Auch dass Dinkel besser verträglich sei als Weizen, ist wissenschaftlich nicht bewiesen. Denn anders als oft behauptet, enthält Dinkel genau wie Weizen Gluten. Auch in einer Studie ließ sich kein Unterschied hinsichtlich der Verträglichkeit feststellen. Unabhängig von der Verträglichkeit sei bei Getreide vor allem der Ausmahlungsgrad entscheidend mit Blick auf gesundheitliche Vorteile.
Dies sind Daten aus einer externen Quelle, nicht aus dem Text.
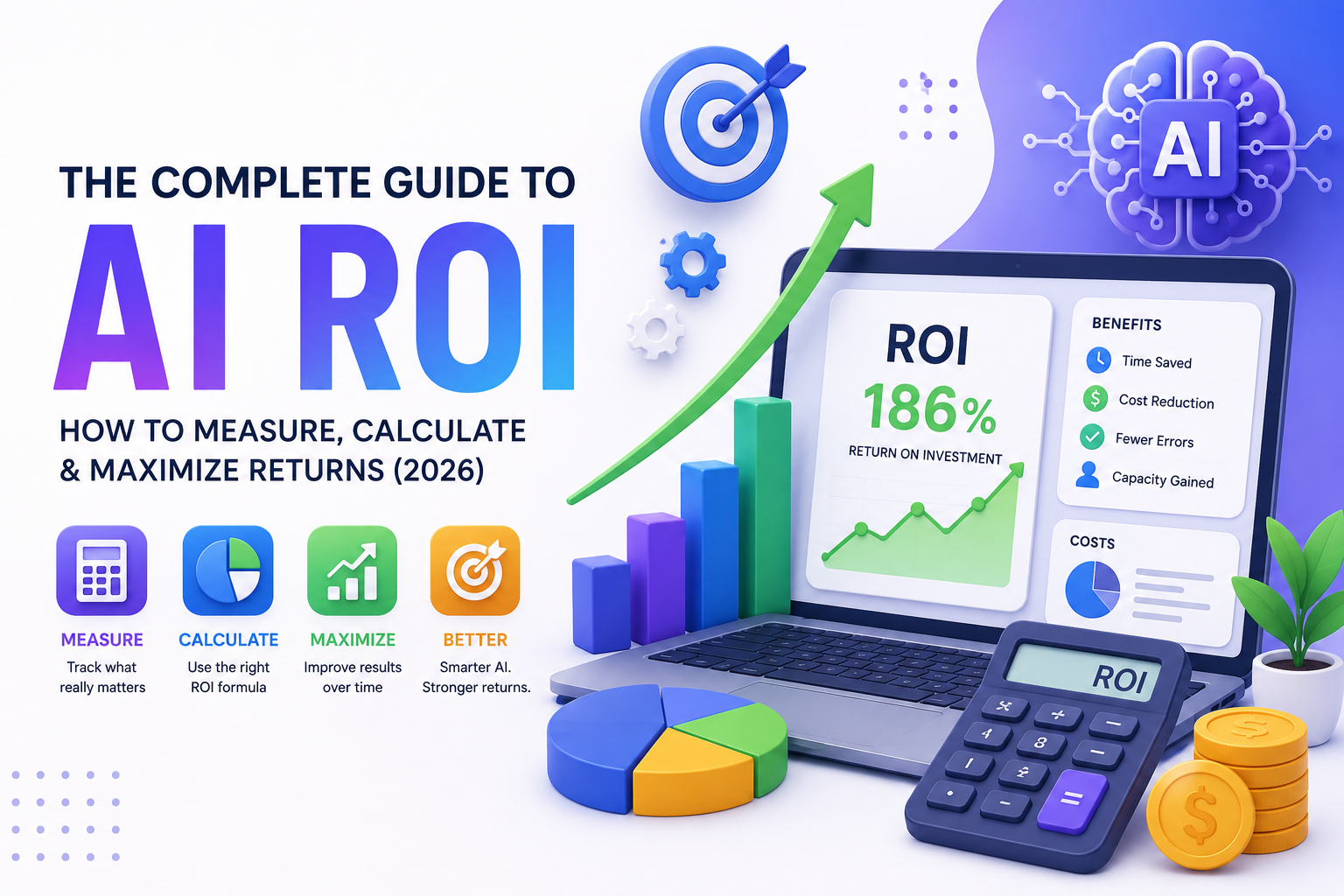 Guide to AI ROI 2026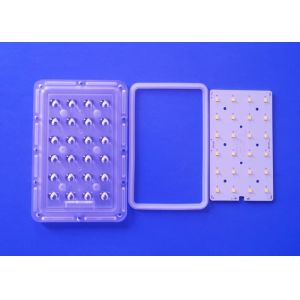 Buy cheap Shoebox CR 3535 LED Lighting Module With 24pcs CR XTE LED PCB from wholesalers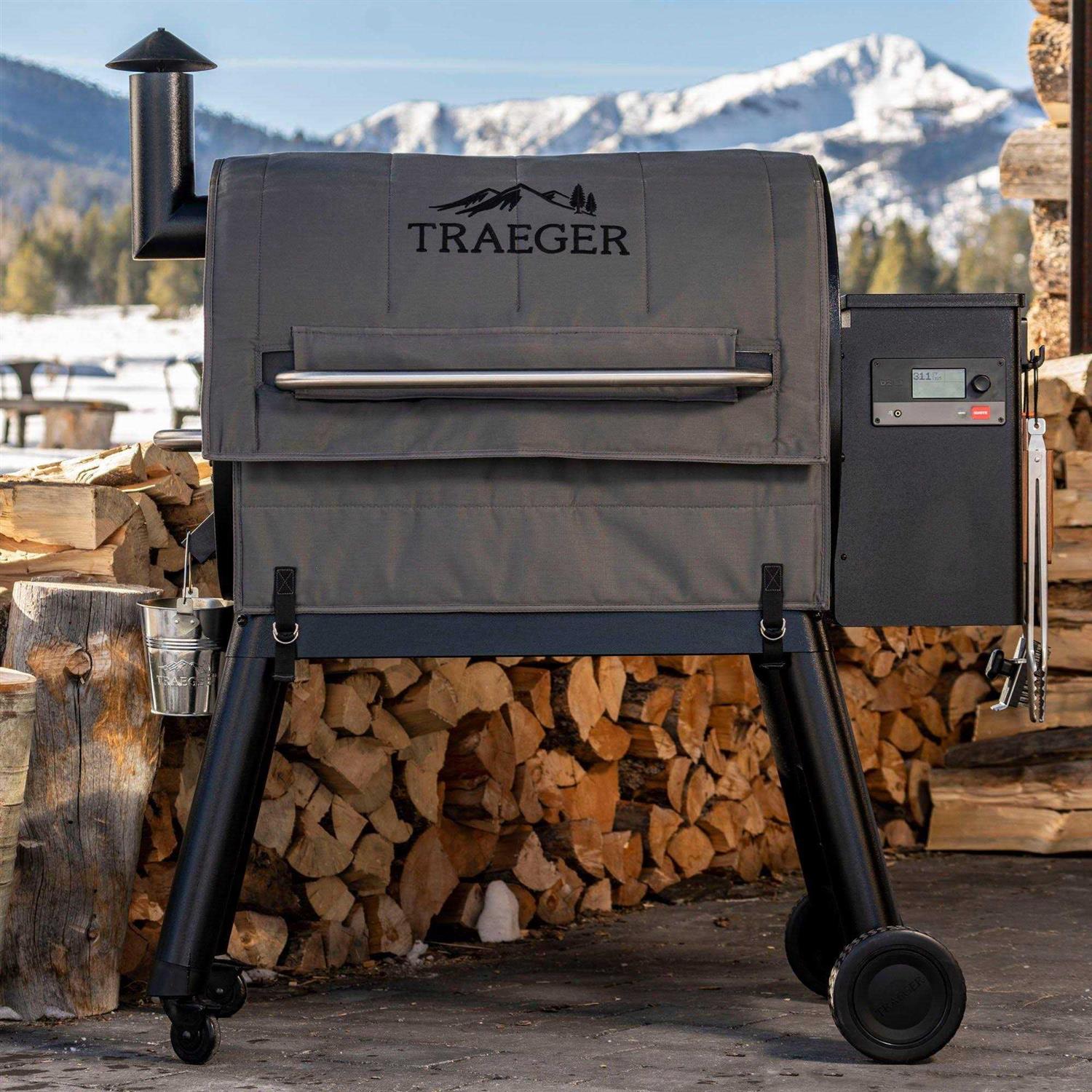 Traeger Traeger Traeger Traeger Traeger Traeger Traeger Traeger Traeger Traeger Traeger Traeger Trae - Image 5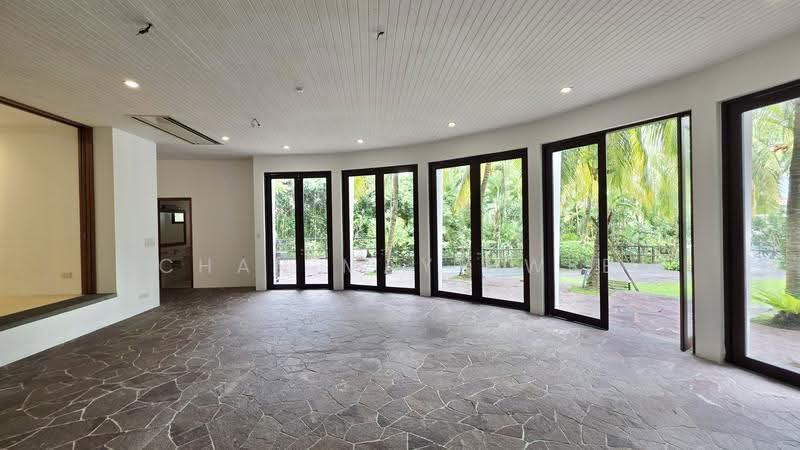 Modern Hilltop Good Class Bungalow on Fourth Avenue, Tanglin / Holland / Bukit Timah, 8 Bedrooms, 12,000 sqft, Good Class Bungalow For Rent, by Chan May Hwee, 500267834 - Living Room - PropertyGuru.com.sg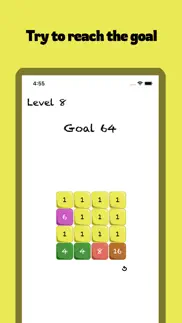 summable - math numbers puzzle iphone capturas de pantalla 2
Denn Vollkornprodukte enthielten zum Beispiel mehr Ballaststoffe und Mineralstoffe - bei Weizen genauso wie bei Dinkel oder anderen Sorten.
"Natürliche Produkte sind nicht automatisch gut"
Das Bewerben von vermeintlich natürlichen oder ursprünglichen Lebensmitteln ist aus Sicht von Kerschke-Risch auch ein Problem in den sozialen Netzwerken. "Auf TikTok und Co werden zum Thema Ernährung viele sehr vereinfachte Beiträge verbreitet, die der Komplexität nicht gerecht werden." Viele Menschen suchten jedoch gerne nach einfachen Lösungen für komplexe Probleme, weshalb die Resonanz auf solche Beiträge so groß sei.
Heilsversprechen durch bestimmte Lebensmittel sollten daher erstmal kritisch hinterfragt werden. Denn auch bei der Ernährung sei der Placeboeffekt nicht zu unterschätzen, so Kerschke-Risch. "Der Placeboeffekt kann dazu führen, dass Menschen sich aufgrund einer bestimmten Ernährungsweise besser fühlen, obwohl es ernährungsphysiologisch eigentlich keine Gründe dafür gibt."
Auch Wefers warnt davor, sich von falschen Ernährungsratgebern täuschen zu lassen. "Natürliche Produkte sind nicht automatisch etwas Gutes, genau so wenig wie verarbeitete Lebensmittel automatisch etwas Schlechtes sind." Es sei daher wichtig, die Verbraucherinnen und Verbraucher aufzuklären, um den sich hartnäckig haltenden Gesundheitsmythen etwas entgegenzusetzen.